**Exercise directions**.
The records beneath should be printed exactly, and the pictures are to be left out.

==== Data to use

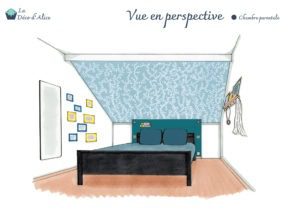 Décoratrice d'intérieur à Lyon - Vue en perspective - Chambre parentale bleue et jaune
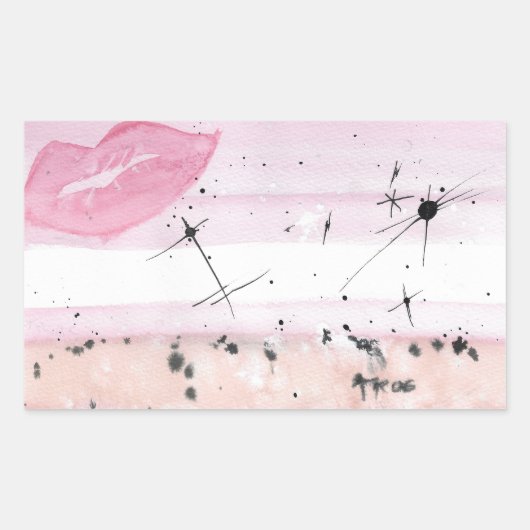 TROS Lipstick Lesbische Flagge Aufkleber (Vorderseite)
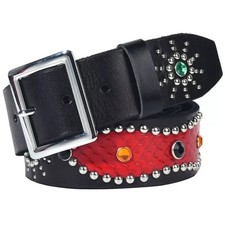 Real Leather Belt Heavy Metal Rivet Studded Belt Unisex Punk Waistband Handmade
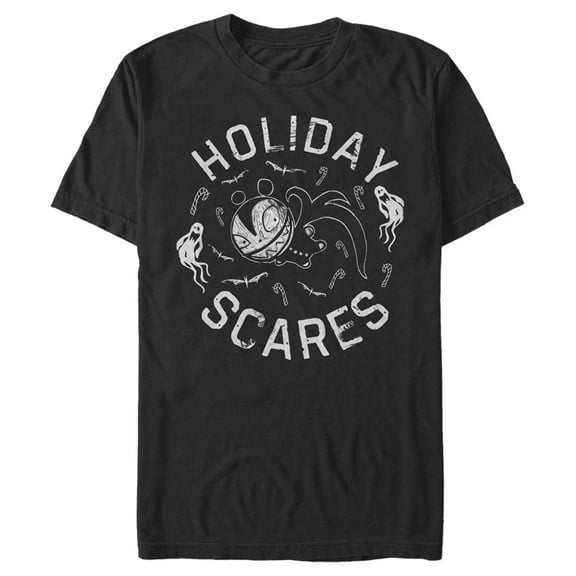 Men's The Nightmare Before Christmas Scary Teddy Holiday Scares  Graphic Tee Black Small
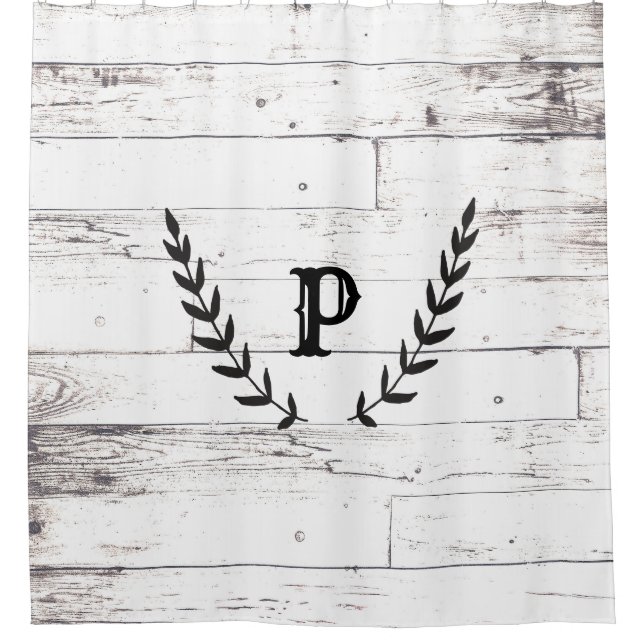 Rustic White Wood Shabby Chic Laurel Country Shower Curtain (Front)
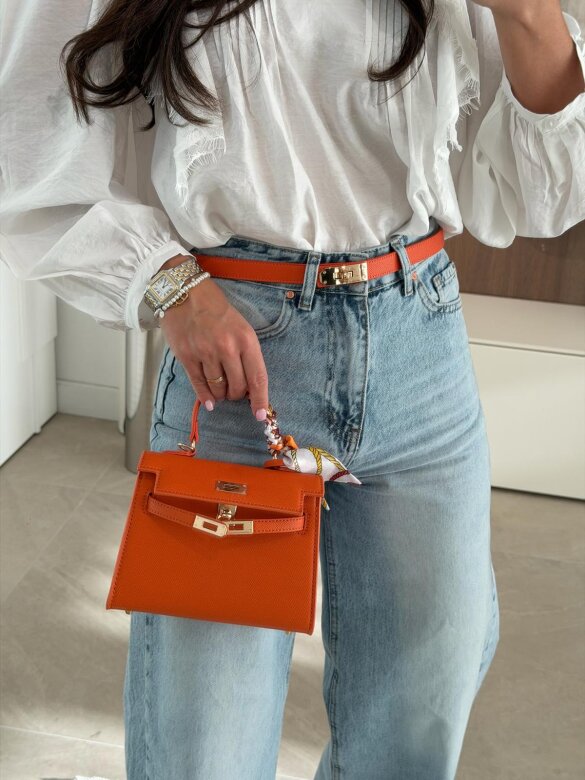 Torebka Nerina mini z apaszką pomarańczowa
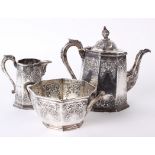 Silver; A Victorian three piece tea service, London 1854, maker Robert Hennell II, teapot 27.9troy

========

**Answer to the exercise**.
 Décoratrice d'intérieur à Lyon - Vue en perspective - Chambre parentale bleue et jaune
 TROS Lipstick Lesbische Flagge Aufkleber (Vorderseite)
 Real Leather Belt Heavy Metal Rivet Studded Belt Unisex Punk Waistband Handmade
 Men's The Nightmare Before Christmas Scary Teddy Holiday Scares  Graphic Tee Black Small
 Rustic White Wood Shabby Chic Laurel Country Shower Curtain (Front)
 Torebka Nerina mini z apaszką pomarańczowa
 Silver; A Victorian three piece tea service, London 1854, maker Robert Hennell II, teapot 27.9troy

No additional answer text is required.